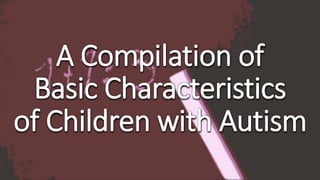 A Compilation of
Basic Characteristics
of Children with Autism
 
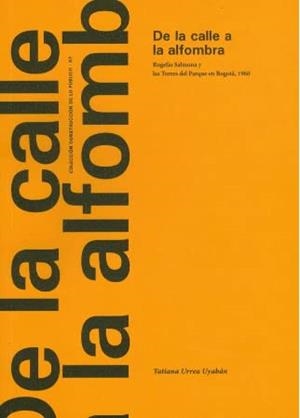 DE LA CALLE A LA ALFOMBRA | 9789587749748 | URREA UYABÁN, TATIANA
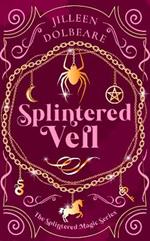 Splintered Veil: A Paranormal Women's Fiction Urban Fantasy Novel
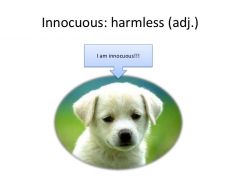   INNOCUOUS-HARMLESS  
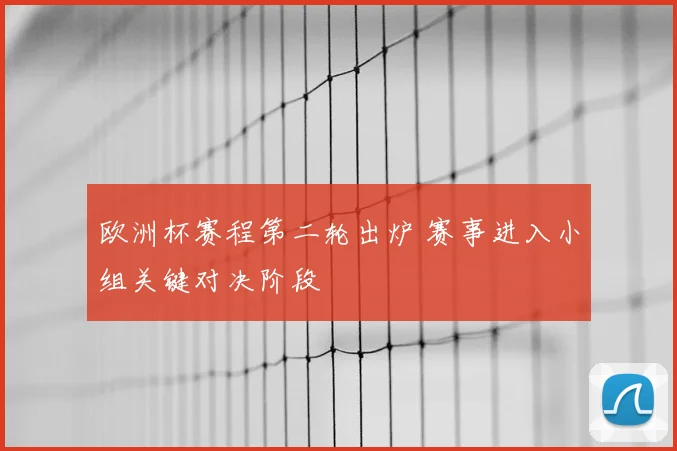 欧洲杯赛程第二轮出炉 赛事进入小组关键对决阶段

Your assignment ::
Leave the pictures out and output all of the data verbatim.

Answer for this exercise ::
 A Compilation of
Basic Characteristics
of Children with Autism
 
 DE LA CALLE A LA ALFOMBRA | 9789587749748 | URREA UYABÁN, TATIANA
 Splintered Veil: A Paranormal Women's Fiction Urban Fantasy Novel
   INNOCUOUS-HARMLESS  
 欧洲杯赛程第二轮出炉 赛事进入小组关键对决阶段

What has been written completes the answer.